Low-Resource Text-to-Speech: FastSpeech, LightTTS, and LightBERT Overview
This article reviews recent advances in low‑resource text‑to‑speech synthesis, covering the background of TTS, challenges in data‑ and compute‑limited scenarios, and detailed descriptions of FastSpeech, LightTTS, LightBERT, and related lightweight vocoder techniques, along with experimental results and future research directions.
Background Neural network‑based end‑to‑end Text‑to‑Speech (TTS) has progressed rapidly, but data and computation constraints limit its deployment in low‑resource settings.
TTS System Components A typical TTS pipeline consists of three modules: the frontend (text normalization, grapheme‑to‑phoneme conversion, polyphone classification, prosody prediction), the acoustic model (e.g., Tacotron, FastSpeech, LightTTS), and the vocoder (Griffin‑Lim, WaveNet, WaveRNN, etc.).
Low‑Resource Challenges Limited paired text‑audio data and scarce compute resources hinder model training and online inference speed.

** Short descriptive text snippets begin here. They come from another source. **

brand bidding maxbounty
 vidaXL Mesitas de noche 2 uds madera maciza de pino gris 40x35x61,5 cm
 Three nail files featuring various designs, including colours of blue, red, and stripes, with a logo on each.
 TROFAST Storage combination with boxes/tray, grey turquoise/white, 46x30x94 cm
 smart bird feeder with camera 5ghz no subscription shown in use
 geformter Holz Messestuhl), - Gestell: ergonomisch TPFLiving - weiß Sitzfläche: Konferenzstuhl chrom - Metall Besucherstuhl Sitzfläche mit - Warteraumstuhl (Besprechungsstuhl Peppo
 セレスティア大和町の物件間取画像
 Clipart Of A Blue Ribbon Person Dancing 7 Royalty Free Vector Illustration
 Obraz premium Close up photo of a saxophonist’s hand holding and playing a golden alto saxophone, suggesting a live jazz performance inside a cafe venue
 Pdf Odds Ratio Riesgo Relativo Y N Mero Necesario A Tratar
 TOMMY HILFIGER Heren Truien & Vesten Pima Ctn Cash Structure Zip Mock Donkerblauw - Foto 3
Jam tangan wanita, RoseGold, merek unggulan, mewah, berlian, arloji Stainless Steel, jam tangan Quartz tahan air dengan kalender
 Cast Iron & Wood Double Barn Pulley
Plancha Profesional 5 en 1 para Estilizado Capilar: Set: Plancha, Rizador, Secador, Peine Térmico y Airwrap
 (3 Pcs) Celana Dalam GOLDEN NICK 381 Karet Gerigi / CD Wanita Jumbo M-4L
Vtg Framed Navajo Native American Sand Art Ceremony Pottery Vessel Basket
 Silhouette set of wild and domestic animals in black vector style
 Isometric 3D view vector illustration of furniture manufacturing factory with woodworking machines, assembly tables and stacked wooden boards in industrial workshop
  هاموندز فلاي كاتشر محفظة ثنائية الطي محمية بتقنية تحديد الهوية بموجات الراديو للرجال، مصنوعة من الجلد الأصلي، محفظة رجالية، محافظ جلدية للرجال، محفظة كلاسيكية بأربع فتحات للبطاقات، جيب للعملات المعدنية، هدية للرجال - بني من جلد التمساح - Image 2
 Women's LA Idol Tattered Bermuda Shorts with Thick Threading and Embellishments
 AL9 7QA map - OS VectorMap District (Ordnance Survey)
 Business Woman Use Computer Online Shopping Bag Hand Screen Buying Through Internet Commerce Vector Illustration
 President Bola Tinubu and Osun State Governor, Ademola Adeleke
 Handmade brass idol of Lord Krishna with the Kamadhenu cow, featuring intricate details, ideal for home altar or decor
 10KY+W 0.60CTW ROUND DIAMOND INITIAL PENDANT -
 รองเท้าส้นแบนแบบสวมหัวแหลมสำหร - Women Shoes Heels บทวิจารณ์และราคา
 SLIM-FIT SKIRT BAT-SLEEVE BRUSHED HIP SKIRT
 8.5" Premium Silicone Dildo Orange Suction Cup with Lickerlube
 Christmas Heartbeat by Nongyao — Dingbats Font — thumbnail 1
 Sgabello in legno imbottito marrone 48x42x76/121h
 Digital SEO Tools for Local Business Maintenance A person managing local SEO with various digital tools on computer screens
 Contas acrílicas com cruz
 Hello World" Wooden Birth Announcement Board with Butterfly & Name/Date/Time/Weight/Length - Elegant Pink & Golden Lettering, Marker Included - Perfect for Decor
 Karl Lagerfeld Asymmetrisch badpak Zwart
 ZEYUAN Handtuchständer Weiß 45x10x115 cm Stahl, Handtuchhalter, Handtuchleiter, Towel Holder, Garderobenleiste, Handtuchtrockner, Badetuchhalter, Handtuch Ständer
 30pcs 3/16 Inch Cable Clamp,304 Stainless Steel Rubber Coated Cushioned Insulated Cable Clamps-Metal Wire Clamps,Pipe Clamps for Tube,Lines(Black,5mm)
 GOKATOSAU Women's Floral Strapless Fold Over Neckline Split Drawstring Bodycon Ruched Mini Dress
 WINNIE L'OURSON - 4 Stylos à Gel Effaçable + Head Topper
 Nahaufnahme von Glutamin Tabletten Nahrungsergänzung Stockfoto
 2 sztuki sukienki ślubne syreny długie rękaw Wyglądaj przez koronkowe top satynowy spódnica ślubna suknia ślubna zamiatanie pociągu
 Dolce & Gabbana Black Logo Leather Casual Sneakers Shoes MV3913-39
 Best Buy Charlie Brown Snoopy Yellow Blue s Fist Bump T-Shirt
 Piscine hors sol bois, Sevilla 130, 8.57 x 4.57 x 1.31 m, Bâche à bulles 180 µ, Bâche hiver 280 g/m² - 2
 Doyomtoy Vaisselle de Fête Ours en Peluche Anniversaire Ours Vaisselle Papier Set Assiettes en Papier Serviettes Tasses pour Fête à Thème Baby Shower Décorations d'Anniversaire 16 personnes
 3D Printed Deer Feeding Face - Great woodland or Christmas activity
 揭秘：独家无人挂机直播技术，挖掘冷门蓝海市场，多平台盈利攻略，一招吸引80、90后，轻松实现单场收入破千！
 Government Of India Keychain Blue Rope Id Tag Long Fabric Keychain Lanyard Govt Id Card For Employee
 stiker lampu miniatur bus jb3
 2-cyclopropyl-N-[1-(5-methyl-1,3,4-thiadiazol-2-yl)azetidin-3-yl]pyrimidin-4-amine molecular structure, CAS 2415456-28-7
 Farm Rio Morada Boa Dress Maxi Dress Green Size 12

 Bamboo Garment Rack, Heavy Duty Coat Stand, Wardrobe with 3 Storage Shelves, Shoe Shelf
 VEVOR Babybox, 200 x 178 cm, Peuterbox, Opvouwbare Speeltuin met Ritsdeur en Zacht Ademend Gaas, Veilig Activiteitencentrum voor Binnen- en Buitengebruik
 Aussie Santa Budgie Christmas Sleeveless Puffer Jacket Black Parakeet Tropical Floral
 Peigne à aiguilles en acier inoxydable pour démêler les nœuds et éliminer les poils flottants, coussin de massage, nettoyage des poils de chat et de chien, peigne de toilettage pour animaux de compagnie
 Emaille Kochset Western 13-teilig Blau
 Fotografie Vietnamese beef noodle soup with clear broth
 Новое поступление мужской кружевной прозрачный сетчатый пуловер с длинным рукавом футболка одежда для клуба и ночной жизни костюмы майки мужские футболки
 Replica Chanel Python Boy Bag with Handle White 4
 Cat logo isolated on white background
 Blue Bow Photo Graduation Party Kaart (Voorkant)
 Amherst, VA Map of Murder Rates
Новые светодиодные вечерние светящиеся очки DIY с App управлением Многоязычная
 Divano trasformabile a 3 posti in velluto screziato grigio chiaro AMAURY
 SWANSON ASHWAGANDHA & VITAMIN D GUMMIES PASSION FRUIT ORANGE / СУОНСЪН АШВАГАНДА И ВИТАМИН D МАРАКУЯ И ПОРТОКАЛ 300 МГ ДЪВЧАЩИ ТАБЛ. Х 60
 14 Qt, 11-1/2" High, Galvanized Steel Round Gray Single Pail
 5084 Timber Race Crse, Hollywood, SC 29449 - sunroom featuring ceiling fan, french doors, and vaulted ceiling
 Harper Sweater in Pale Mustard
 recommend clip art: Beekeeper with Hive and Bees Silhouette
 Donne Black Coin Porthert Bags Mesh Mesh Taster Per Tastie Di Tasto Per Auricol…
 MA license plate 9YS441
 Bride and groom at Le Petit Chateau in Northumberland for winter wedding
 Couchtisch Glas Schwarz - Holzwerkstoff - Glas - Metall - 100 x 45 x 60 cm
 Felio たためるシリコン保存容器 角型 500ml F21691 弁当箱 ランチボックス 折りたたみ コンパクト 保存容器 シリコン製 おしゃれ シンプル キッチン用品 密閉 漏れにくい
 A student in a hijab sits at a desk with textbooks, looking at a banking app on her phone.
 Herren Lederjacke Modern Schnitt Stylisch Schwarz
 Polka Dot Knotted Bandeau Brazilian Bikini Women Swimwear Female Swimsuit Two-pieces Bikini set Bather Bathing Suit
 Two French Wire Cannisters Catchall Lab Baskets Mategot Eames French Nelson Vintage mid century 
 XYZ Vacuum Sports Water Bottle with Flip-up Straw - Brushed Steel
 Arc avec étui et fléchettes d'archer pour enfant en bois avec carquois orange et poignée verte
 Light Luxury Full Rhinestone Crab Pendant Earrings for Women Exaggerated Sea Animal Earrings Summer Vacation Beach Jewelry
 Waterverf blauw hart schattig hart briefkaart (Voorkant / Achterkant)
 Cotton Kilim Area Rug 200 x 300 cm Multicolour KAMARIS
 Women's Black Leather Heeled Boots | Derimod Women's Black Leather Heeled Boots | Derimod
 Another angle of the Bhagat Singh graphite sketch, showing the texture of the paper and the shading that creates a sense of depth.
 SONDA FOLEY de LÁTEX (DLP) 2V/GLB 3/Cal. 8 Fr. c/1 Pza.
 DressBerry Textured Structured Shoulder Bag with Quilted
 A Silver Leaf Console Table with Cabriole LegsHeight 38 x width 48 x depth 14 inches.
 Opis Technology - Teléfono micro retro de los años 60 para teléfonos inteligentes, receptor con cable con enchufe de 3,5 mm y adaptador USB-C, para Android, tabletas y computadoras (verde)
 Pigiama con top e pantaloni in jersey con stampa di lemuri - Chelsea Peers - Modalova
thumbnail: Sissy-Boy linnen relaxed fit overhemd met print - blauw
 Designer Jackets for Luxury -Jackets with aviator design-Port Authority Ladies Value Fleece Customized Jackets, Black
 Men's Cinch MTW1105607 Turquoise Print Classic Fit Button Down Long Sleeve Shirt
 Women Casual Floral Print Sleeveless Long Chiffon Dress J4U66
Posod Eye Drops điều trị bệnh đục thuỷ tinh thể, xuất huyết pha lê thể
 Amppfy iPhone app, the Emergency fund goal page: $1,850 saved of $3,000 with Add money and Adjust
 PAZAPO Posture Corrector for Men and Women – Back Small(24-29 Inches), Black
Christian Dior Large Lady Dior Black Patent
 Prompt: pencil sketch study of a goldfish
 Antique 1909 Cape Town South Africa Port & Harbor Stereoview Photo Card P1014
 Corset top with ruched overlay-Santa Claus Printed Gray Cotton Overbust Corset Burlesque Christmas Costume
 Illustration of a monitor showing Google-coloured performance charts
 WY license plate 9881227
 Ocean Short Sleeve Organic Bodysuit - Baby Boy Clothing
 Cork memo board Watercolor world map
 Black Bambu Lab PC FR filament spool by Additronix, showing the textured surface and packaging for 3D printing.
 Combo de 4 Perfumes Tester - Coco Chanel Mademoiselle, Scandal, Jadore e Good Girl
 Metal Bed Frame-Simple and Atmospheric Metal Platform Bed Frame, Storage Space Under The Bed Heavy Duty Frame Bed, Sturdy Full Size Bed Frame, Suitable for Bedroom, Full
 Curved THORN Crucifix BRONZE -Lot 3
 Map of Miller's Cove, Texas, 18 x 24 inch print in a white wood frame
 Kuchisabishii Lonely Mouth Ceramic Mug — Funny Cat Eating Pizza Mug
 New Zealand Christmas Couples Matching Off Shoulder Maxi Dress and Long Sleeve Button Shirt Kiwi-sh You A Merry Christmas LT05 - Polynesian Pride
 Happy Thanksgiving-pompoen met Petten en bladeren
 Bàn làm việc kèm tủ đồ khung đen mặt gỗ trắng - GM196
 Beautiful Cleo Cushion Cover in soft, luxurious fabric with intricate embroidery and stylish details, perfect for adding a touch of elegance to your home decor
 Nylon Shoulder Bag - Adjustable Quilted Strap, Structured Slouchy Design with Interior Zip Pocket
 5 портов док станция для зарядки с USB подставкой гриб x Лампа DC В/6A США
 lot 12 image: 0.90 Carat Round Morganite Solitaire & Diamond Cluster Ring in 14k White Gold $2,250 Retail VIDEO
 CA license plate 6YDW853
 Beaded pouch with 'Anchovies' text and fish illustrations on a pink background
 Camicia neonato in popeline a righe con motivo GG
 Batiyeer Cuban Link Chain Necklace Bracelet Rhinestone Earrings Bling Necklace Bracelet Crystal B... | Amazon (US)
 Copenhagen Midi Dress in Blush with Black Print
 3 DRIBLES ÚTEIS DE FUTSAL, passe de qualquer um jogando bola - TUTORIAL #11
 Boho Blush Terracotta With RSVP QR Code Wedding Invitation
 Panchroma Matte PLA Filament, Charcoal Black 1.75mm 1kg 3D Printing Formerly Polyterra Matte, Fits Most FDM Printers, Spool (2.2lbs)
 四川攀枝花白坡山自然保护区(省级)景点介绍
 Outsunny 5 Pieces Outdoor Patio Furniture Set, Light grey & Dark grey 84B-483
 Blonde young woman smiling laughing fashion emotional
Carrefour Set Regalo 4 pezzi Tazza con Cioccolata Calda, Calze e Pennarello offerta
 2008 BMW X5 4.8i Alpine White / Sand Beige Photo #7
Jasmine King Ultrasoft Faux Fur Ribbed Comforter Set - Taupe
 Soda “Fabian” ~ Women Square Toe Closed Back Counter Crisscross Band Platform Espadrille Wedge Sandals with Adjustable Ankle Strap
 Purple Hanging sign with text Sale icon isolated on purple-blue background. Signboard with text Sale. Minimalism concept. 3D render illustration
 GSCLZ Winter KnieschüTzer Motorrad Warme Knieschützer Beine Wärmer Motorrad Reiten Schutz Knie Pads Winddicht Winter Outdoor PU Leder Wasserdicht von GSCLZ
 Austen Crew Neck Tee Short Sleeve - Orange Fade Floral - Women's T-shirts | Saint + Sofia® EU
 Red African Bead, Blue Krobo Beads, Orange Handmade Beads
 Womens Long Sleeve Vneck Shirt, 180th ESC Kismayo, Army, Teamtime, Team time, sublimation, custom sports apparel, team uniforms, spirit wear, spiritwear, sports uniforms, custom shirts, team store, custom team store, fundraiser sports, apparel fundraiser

FastSpeech Introduces a parallel feed‑forward transformer architecture with a length regulator and duration predictor, achieving up to 270× speedup in mel‑spectrogram generation, improved robustness (no repeated or missing words), controllable speech rate, and comparable or better audio quality than autoregressive baselines.
LightTTS Targets scenarios with only a few hundred paired samples by leveraging denoising auto‑encoders, back‑translation between TTS and ASR, and bidirectional sequence modeling, achieving MOS scores close to fully supervised models.
LightBERT for TTS Frontend Applies a two‑stage knowledge distillation (pre‑training and fine‑tuning) to compress BERT‑based frontend models, reducing latency from 250 ms to 23 ms while preserving accuracy on polyphone classification.
LightPAFF Framework Generalizes the two‑stage distillation to various pre‑training/fine‑tuning models (BERT, GPT‑2, etc.), enabling lightweight yet high‑performing solutions across tasks.
Experimental Results FastSpeech, LightTTS, and LightBERT demonstrate significant speedups, robustness, and quality improvements under severe data and compute constraints.
Future Directions Explore lightweight vocoders, better utilization of noisy or multi‑speaker data, and further acceleration of offline training and online inference.